**Available data**
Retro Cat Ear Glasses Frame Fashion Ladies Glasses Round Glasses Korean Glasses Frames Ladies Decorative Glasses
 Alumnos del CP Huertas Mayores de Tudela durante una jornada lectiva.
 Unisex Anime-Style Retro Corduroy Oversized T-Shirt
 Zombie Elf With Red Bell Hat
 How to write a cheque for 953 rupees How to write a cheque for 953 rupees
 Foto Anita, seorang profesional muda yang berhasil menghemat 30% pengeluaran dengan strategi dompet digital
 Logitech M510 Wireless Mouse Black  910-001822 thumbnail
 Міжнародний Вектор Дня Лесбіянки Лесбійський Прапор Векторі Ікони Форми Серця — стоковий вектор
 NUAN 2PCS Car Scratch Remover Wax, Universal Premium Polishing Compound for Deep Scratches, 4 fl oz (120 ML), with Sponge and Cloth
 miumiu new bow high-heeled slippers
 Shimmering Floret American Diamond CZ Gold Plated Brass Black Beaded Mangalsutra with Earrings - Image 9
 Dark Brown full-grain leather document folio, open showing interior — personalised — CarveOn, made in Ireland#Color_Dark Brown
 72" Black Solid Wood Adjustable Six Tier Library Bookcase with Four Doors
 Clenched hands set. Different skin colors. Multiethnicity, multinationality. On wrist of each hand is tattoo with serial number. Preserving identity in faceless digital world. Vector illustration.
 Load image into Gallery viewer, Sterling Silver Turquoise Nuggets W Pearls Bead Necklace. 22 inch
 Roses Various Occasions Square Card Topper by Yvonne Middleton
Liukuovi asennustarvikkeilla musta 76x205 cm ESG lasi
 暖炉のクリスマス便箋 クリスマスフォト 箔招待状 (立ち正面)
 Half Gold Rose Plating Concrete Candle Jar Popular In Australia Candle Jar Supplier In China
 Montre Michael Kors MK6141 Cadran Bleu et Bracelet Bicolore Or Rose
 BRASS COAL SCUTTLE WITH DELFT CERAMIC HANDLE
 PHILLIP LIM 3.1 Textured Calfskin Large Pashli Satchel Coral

**Task goal**
Search the listing for "digital" and show every line where it occurs.

**Expected answer**
 Foto Anita, seorang profesional muda yang berhasil menghemat 30% pengeluaran dengan strategi dompet digital
 Clenched hands set. Different skin colors. Multiethnicity, multinationality. On wrist of each hand is tattoo with serial number. Preserving identity in faceless digital world. Vector illustration.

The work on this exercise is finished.